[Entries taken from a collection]
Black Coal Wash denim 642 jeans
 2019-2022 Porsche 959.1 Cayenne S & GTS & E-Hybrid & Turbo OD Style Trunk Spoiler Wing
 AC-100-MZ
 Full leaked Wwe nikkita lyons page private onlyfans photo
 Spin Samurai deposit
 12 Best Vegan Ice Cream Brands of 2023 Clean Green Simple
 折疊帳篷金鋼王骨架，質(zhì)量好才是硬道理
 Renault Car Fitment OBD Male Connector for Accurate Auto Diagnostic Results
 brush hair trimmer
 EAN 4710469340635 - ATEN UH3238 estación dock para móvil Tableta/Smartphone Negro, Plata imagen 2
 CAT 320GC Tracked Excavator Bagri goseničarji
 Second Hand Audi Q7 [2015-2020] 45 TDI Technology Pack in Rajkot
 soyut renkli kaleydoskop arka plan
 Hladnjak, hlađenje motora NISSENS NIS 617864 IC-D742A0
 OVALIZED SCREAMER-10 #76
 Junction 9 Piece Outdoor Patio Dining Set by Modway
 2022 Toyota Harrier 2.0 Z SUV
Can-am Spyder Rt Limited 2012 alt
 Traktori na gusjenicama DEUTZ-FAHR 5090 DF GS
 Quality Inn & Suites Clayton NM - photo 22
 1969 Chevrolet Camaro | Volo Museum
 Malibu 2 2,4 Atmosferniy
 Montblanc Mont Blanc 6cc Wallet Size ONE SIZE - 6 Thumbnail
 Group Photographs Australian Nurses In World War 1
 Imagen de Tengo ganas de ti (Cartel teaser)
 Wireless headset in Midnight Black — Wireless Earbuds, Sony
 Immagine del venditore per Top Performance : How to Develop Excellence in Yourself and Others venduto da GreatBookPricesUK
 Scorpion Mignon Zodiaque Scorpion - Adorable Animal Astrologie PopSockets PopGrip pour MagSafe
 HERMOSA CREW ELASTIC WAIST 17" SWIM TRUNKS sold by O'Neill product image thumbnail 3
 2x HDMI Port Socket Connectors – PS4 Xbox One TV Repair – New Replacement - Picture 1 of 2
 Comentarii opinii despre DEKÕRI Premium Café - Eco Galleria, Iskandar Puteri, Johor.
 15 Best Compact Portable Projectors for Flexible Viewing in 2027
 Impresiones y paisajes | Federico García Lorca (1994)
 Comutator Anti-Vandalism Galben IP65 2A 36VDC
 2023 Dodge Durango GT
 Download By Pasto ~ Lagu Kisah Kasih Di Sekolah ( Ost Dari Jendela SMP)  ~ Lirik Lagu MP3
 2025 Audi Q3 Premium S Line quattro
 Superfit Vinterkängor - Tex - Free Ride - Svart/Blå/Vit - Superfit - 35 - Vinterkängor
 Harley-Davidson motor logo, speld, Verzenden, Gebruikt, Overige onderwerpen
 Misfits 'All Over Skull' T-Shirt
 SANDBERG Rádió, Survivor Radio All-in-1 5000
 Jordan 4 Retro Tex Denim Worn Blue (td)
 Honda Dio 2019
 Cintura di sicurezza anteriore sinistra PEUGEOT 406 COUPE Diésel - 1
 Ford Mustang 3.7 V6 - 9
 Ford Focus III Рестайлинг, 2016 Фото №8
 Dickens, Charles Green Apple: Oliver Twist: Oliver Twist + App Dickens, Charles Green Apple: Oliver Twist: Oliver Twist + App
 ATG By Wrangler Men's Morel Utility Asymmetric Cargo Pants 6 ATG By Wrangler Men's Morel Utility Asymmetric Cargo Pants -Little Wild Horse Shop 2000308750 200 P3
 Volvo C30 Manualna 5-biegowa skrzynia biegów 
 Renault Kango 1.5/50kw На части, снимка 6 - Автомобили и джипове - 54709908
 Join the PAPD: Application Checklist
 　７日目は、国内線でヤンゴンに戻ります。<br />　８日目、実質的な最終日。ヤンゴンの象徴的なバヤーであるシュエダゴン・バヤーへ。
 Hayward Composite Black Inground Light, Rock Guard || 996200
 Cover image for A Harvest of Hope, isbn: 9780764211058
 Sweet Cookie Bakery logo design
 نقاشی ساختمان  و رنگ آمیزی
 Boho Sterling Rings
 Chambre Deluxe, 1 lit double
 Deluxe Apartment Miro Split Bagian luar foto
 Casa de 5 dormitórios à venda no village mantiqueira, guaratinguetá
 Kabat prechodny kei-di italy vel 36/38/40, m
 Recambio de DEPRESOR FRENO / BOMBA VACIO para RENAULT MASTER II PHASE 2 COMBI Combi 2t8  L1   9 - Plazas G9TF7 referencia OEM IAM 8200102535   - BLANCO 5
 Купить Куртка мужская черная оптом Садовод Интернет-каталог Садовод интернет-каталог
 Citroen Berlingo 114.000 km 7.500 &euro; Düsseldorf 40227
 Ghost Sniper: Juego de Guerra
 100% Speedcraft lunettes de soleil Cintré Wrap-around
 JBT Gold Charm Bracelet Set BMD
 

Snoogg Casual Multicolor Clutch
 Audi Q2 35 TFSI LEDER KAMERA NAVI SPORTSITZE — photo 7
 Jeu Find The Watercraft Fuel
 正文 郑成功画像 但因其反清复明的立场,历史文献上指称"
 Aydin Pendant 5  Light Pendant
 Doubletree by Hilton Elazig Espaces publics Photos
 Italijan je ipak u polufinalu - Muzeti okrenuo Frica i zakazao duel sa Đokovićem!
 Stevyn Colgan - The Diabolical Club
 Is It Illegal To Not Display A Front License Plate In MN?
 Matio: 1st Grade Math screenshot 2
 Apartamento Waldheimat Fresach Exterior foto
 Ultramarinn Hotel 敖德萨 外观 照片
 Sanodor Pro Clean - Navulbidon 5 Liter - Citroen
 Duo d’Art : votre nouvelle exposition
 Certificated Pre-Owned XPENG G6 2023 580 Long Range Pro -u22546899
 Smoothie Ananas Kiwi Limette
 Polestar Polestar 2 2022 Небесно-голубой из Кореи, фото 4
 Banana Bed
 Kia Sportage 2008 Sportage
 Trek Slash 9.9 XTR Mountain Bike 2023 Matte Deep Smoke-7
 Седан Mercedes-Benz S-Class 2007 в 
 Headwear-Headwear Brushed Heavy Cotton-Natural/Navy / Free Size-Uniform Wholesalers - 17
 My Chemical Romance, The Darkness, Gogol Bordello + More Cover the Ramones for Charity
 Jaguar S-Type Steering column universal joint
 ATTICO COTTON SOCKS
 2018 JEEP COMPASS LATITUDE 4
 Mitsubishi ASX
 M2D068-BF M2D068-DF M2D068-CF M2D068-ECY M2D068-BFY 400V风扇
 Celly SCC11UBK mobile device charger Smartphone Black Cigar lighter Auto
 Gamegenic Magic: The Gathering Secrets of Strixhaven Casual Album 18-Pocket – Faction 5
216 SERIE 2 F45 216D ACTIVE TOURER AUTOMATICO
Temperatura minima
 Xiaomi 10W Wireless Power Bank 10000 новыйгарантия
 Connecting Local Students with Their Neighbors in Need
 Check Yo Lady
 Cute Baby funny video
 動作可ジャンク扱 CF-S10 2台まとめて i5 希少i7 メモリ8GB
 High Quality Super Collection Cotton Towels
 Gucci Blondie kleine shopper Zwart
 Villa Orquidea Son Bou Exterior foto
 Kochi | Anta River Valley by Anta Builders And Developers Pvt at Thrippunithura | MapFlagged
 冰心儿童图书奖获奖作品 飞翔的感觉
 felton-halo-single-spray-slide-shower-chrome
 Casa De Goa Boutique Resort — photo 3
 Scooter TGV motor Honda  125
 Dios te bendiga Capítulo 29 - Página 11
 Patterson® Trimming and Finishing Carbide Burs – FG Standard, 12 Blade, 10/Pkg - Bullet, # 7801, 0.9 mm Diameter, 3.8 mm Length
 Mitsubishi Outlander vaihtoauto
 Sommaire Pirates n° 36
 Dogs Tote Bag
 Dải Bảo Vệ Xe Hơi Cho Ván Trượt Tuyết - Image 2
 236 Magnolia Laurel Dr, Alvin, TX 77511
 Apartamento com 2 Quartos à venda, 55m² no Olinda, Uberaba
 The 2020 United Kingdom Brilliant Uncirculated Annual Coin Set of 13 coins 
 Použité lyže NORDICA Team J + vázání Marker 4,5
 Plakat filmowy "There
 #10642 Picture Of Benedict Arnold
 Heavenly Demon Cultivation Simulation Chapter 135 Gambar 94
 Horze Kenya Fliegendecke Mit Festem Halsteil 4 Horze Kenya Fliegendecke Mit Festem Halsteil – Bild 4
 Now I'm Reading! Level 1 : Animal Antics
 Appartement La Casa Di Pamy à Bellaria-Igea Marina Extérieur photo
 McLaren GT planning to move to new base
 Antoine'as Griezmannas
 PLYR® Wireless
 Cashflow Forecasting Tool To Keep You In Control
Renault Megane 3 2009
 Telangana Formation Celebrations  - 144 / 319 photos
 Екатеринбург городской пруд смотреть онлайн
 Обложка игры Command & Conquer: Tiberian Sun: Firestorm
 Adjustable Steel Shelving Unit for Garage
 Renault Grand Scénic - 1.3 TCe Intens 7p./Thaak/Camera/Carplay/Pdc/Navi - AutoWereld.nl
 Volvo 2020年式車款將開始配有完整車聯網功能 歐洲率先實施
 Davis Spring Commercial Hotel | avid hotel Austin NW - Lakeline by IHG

**Task description**. Working from the records above, write out verbatim only the lines from the line containing "2019-2022 Porsche 959.1" through the line containing "折疊帳篷金鋼王骨架，質(zhì)量好才是硬道理".

**Written response**.
 2019-2022 Porsche 959.1 Cayenne S & GTS & E-Hybrid & Turbo OD Style Trunk Spoiler Wing
 AC-100-MZ
 Full leaked Wwe nikkita lyons page private onlyfans photo
 Spin Samurai deposit
 12 Best Vegan Ice Cream Brands of 2023 Clean Green Simple
 折疊帳篷金鋼王骨架，質(zhì)量好才是硬道理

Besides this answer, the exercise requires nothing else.